The Italians, seven times world champions and one of the great crews in rowing history, had built up a lead of four and a half seconds at the half-way stage. Dumitru Popescu and Nicolai Taga, of Romania, were in second place and the Searles in third.
However, Greg, 20, and Jonny, 23, seem to have been convinced all their lives that they would one day take the top prize in sport, and take it together. In an extraordinary climax to the race they drove to the finish line, cutting the deficit of a boat's length in the last 200 metres and racing the Italians to a halt. It was as striking a reversal of the old order as any in rowing.
'Everything was going black at the end,' Greg, the 15st 11lb powerhouse, said. 'But being brothers we both switched into the same autopilot and got moving. There is no one I would rather row with and no one I would trust more than Jonny. We have always been competitive with each other and now it's brilliant to be on the same side.'
Underlining their effort, their cox, Garry Herbert, a 22-year-old history student, said: 'I wanted them to be prepared to die for us, and they nearly did.'
'Garry was brilliant,' Greg said. 'He told us exactly where the Italians were and he really motivated us with things like: 'If not now, when? If not you, who? How much do you want this?' We knew then that we wanted it more than them.'
The brothers from Chertsey, Surrey, are coached by Steve Gunn, who should have spent this summer teaching at Hampton School, where the Searles first learned their rowing.
Instead Gunn chose to drop almost everything to take his former pupils to their first Olympics. He knew they would win if it was close enough for them to make a fight of it. 'How many races like that has Jonny won for me over the last seven years or so?' he said.
It was when Jonny began to win medals after taking up the sport at school that his younger brother forsook rugby for rowing and went on to match his brother's achievements by winning junior world gold medals in 1989 and 1990.
The brothers raced together for the first time in the eights in 1990, when they came fourth in the world championships. In 1991 they took bronze, still in the eights, before switching to the coxed pairs this year.
Gunn resumed his work with the brothers after their victory over Britain's other gold medallists, Steven Redgrave and Matthew Pinsent, in the Olympic trials at Nottingham in April.
The spectators thought the Abbagnales would stay ahead yesterday because the Searles had not yet shown in the regatta sufficient speed to catch them. But few knew that Jonny broke a rib in their famous victory over Redgrave and Pinsent.
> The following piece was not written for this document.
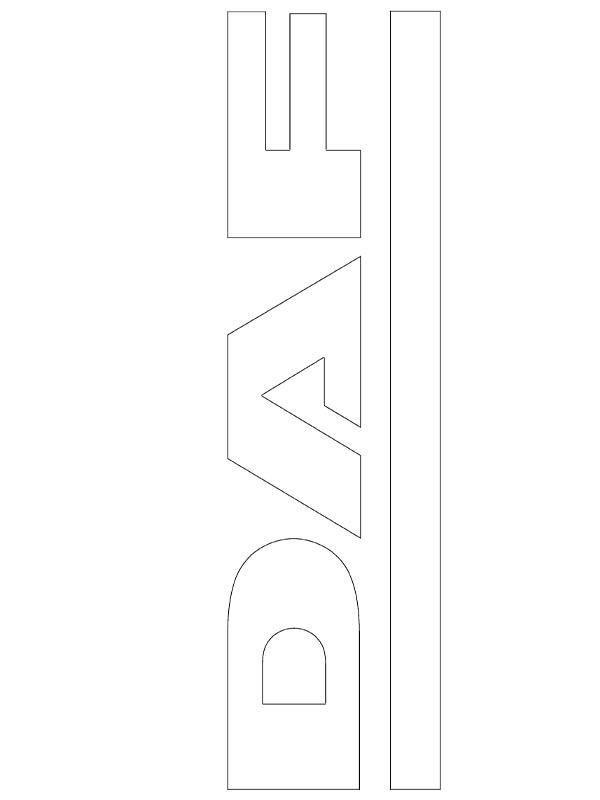 DAF logo disegno da colorare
For five weeks he carried the injury, but after an X-ray it was strapped and he took two weeks off before the Lucerne regatta, where he raced without proper preparation. Their fourth place there seemed to many the measure of their Olympic challenge.
At altitude training camp in Austria their times, measured as a percentage of the supposed gold medal time, were the slowest of the British boats for the first week when the programme demanded that the rate of strokes to the minute be kept low. But as the rate came up so they climbed through the rankings.
The team psychologist, Brian Miller, has spent months developing the race preparation and focus skills of the team, but he denies any responsibility for their victory. He says that if all the athletes had to put their hands in a flame for as long as was endurable the Searles would be the last to quit.
At 20 and 23 they are 10 years younger than the Abbagnales. They will not keep their hands in the Olympic flame for as long as the gladioli growers from Naples but only because they have so much else they want to do in life.